Democratic constituency groups by and large have been deeply displeased with Davis’ job performance, polls have found. That unease among Democrats is a key reason that a majority of California voters support his ouster. In the latest Field Poll, roughly a quarter of likely Democratic voters supported the recall, an ominous sign for Davis, whose overall ratings make him one of California’s least popular governors.

With Republicans overwhelmingly in favor of his removal in the Oct. 7 election, Davis has less than seven weeks to win back those wayward Democrats. His own advisors acknowledge he will be kicked out of office if he fails in that one narrow task.

“We’ve got to get Democrats and left-leaning independents back,” said one Davis strategist, who spoke on condition of anonymity. “I don’t think there’s any doubt about that.”

Davis, though, has had strained ties with core Democratic constituencies. During his first term, organized labor applauded his approval of mandatory overtime, family-leave benefits and other measures, but the centrist governor offended the California Teachers Assn. and other unions by resisting other parts of their agenda.


Davis lost the endorsement of many Latino leaders during his reelection campaign, largely over his refusal to sign legislation that would grant driver’s licenses to illegal immigrants. With the recall election drawing near, Davis has pledged to approve the measure this summer.

He also has had a rocky relationship with Lt. Gov. Cruz Bustamante, which contributed to Bustamante’s decision to break his pledge not to run as a candidate to replace Davis.
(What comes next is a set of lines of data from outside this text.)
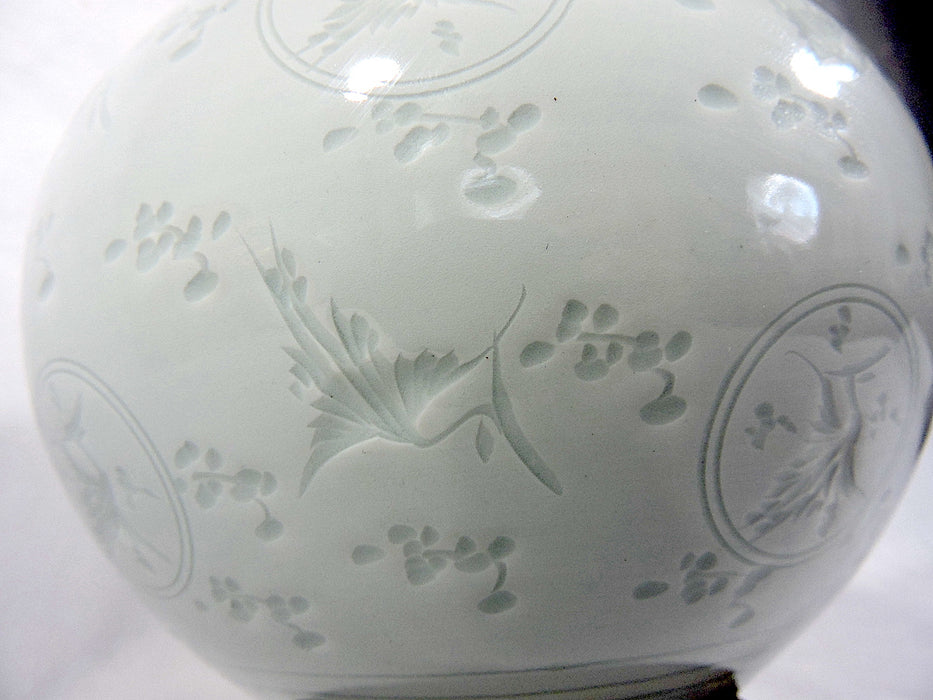 Fine Century White Asian Celadon Ginger Jar, 1000 Cranes Design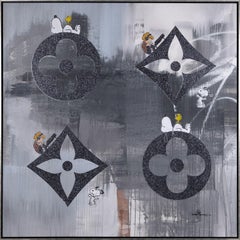 Skyler Grey "Sueño LV (Escala de grises)" acrílico, aerosol y polvo de diamante sobre lienzo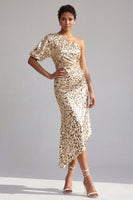 Load image into Gallery viewer, Champagne Sparkly Mermaid Sequin Asymmetrical Mother of the Bride Dress with Sleeve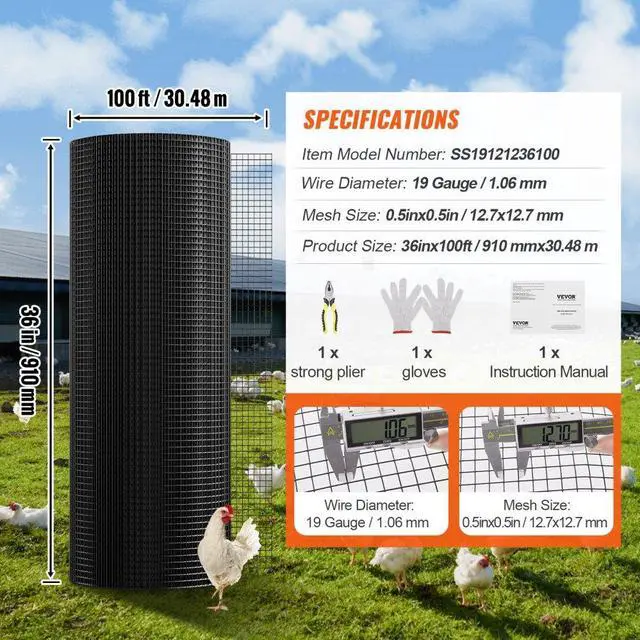 Alt view image 7 of 14 - VEVOR Hardware Cloth, 36'' x 100' Galvanized Wire Mesh Roll, 19 Gauge Chicken Wire Fence Roll, Vinyl Coating Metal Wire Mesh for Chicken Coop Barrier, Rabbit Snake Fences, Poultry Enclosures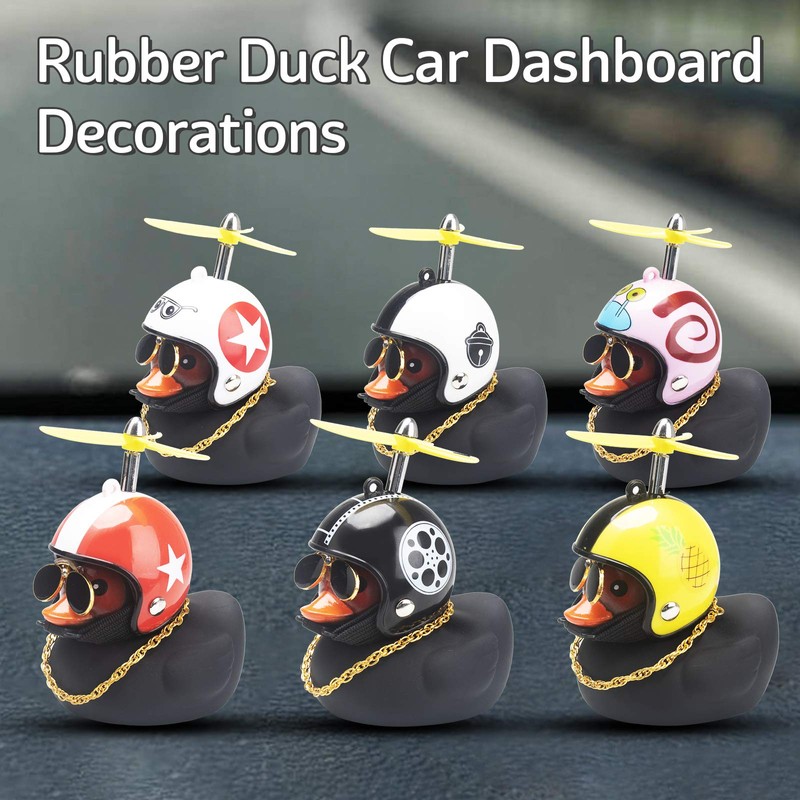 wonuu Rubber Duck Car Decorations Black Duck Car Dashboard Ornaments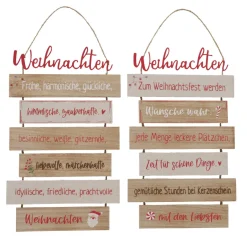 Schild Nollaig sortiert Rechteck 0,5 x 24 x 48 cm natur rot Metall Textil Holz^ Discount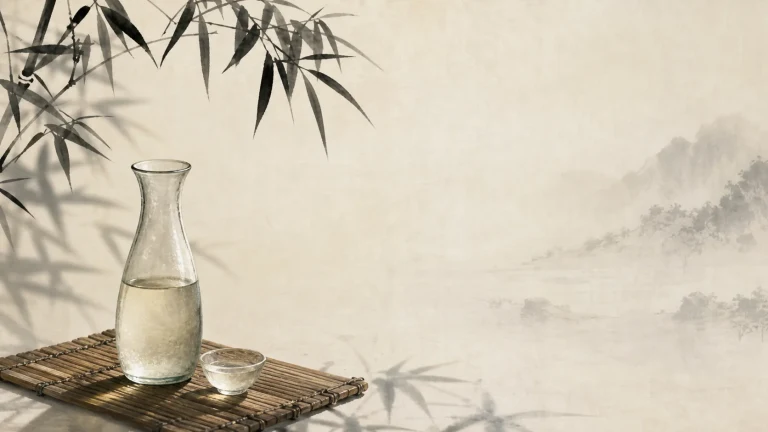 透明酒壶与小杯放在竹席上，背景绘有淡墨山竹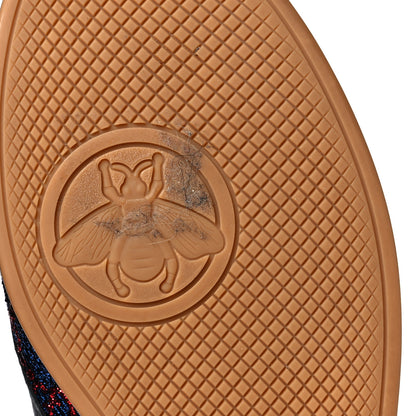 Gucci Lurex Calfskin Web GG Monogram Womens Falacer Sneakers 38 Iridescent Blue Iridescent Red Silver 8 of 10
With African Americans, Davis “got off to a rocky start” by failing to name enough blacks to state judgeships and jobs, and by refusing to approve mandatory police tracking by race of people stopped on roadsides, said Alice Huffman, president of the California NAACP.

“We started to rattle his cage a little bit, and he wised up by the end of his term” by stepping up the pace of minority appointments, she said.


The contrition speech that Davis delivered Tuesday is a staple for politicians in trouble. In a famous act of damage control in 1952, Richard Nixon, then the running mate of GOP presidential candidate Dwight D. Eisenhower, told Americans in his “Checkers” speech that “it was wrong, just not illegal” for him to take $18,000 from supporters to cover political expenses.

In 1969, New York City Mayor John V. Lindsay won reelection after admitting he had made his share of mistakes during a first term marred by strikes, scandals and other embarrassments. In 1998, Clinton, now a Davis confidant in the recall campaign, told Americans that his affair with White House intern Monica S. Lewinsky marked “a critical lapse in judgment and a personal failure.” Despite the scandal, he managed to sustain his popularity, especially among the very rank-and-file Democrats Davis needs to win back.

It is unclear, at least at this early stage, whether Davis will similarly succeed.

Davis’ framing of the recall as part of a GOP plot to steal elections could help build support among minority voters, many of whom believe blacks were disenfranchised in the Florida 2000 election, Huffman said.


They also may respond to Davis’ argument Tuesday that Republicans were trying to divide Californians on race. He said they were doing so by pushing Proposition 54, a measure on the recall ballot that would bar the state from collecting statistics based on race.

But among Latinos, the urge to swing to Davis’ side is complicated by the presence on the ballot of Bustamante, who if elected would be the first Latino governor in modern times.

In a broader sense, much may ride on whether all voters -- but particularly Democrats -- believe the contrition that the governor forwarded Tuesday, or whether they see his speech as largely blaming others.

While continuing to hammer Republicans for attempting to craft a budget by cutting spending on schools -- or “kick 100,000 kids out of kindergarten,” as he put it -- Davis conceded for the first time that he “could have been tougher in holding down spending when we had surpluses.”


On energy, he recalled the improprieties of executives at Enron Corp. and other companies that gamed California’s power market, saying they were “sitting down with Vice President Cheney” to develop national policy at the same time. But Davis also acknowledged accusations that he was slow to act when blackouts hit and electricity rates soared.

“I got your message,” he said, “and I accept that criticism.”